Having an accurate estimate of wind resource is a key first step in understanding wind farm performance. The problem that haunts most wind energy analysts is that on a fundamental level, measurements of wind resource with use of conventional anemometry are challenging and plagued with inaccuracies, signal drift, recalibrations, and data logging issues. Whilst efforts are being made to improve this measurement capability (for example nacelle mounted LiDAR), those who monitor the performance on wind farms are left to clean up the mess in the meantime. To that end, at Bitbloom we have developed a new approach to gain confidence in local turbine wind speed measurements, which is being rolled out across all the wind farms that we monitor.

So how do we improve a signal such as a wind speed measurement and generate something more reliable. Beyond the typical noise associated with these signals, a more fundamental question, given our large volumes of data, is: Can we trust that the observed values are unbiased? Well, we can attempt to calibrate our measured signal using other sources of information. This is commonly done through various means, including reverse engineering expected wind speed using other measured values, such as power (which is typically more accurate), or through completely different datasets altogether, such as climate reanalysis data (see ERA).

Many of these approaches seem to overlook one important asset that analysts have at their disposal, and that is the (often substantial) number of other turbines on the site. These turbines are fitted with their own monitoring systems and generate similar data, giving analysts a wider view of site conditions.  As wind speed conditions across a wind farm site are generally strongly correlated, the operational behaviour of neighbouring turbines can be used to infer wind conditions at a nearby position, such as that of a turbine with questionable anemometry.

Okay, great, we’re on to something. We can leverage the operational signals from the neighbouring turbines to reconstruct our wind speed measurement, effectively using them as giant anemometers. It’s a similar (albeit less potentially catastrophic) principle to multiple instruments in aircraft, aggregating measurements in such a way enables us to have a much greater degree of confidence in the measurements we are basing our decisions on.
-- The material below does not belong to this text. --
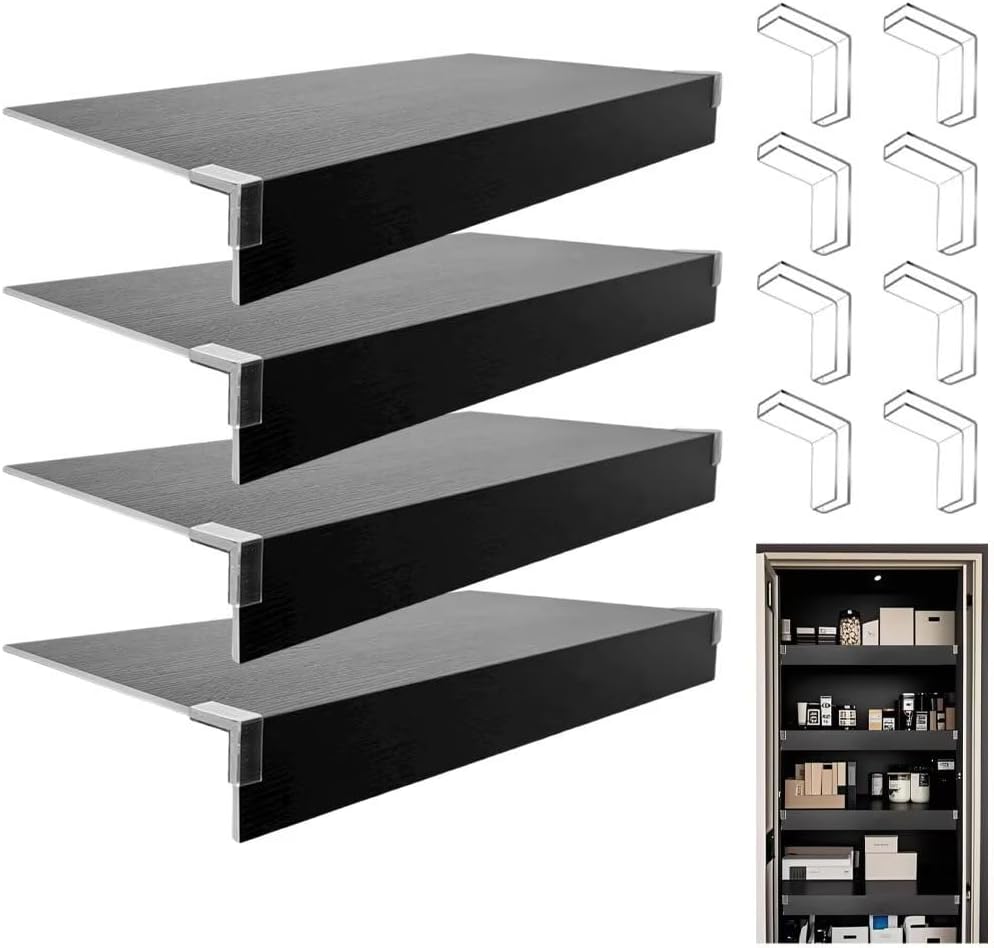 Wire Shelf Cover 16x42 inch, 4Pcs Black Faux Wood Shelf Covers for Wire Shelving, 3 in Thick Wires Rack Covers for Shelves, Waterproof PVC Shelfs Cover for Pantry Kitchen Closet Bathroom Office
So, how can we quantify the relationship between the measured operational condition of one turbine, and the environmental conditions (i.e a given wind speed) at a different, target turbine? Here, machine learning steps up to the challenge in helping us build this relational model. Using the operational data from neighbouring turbines, we can train a machine learning model to predict the wind speed at a target turbine, capturing these relationships with a data-driven approach. This model can then be used in inference to generate an expected wind speed value for a given turbine which we can use to calibrate the wind speed that is observed. If the relative positions are also encoded into this training set, a model of sufficient complexity can even learn the effects of prevailing wind direction and generated wakes.
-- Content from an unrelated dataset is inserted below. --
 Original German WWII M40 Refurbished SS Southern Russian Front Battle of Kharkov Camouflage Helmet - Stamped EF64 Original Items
The model is trained on a dataset of sufficient length to capture the site wind regime, typically a year of data, consisting of operational signals from multiple neighbouring turbines. We use the measured wind speed, power, blade pitch angle, ambient temperature, rotor speed, and the wind direction at each neighbouring turbine as input features. Given the input features, the model is able to learn wake and terrain effects and account for episodes of curtailment and downtime and maintains performance in a wide range of environmental conditions. Similar models can be trained for all the turbines in a farm (given a sufficient number of nearby turbines) and then be used to calculate a signal of expected wind speed signal beyond the period of the training dataset, and on new incoming data.

Model evaluation results - actual vs predicted

Model evaluation results - residual over time

The measured wind speed is then calibrated using this expected wind speed signal based on the residual (i.e. the difference between observed and expected) between the two. This is now used to scale the observed values leaving us with a final, recalibrated measurement of our wind speed, which is then used to track performance with confidence and deriving reliable energy loss estimates.

Well, that’s that, we’ve gained confidence and accuracy in our wind speed measurements by using plentiful data at nearby turbines; allowing our customers to avoid lost yield by picking up performance issues and avoid false positives caused by erroneous wind speed measurements. This also enables us to have a greater degree of confidence in dependent turbine analyses, generating compounding value for analysts. This approach is now deployed to wind farms that Bitbloom monitors and is already providing value to our customers.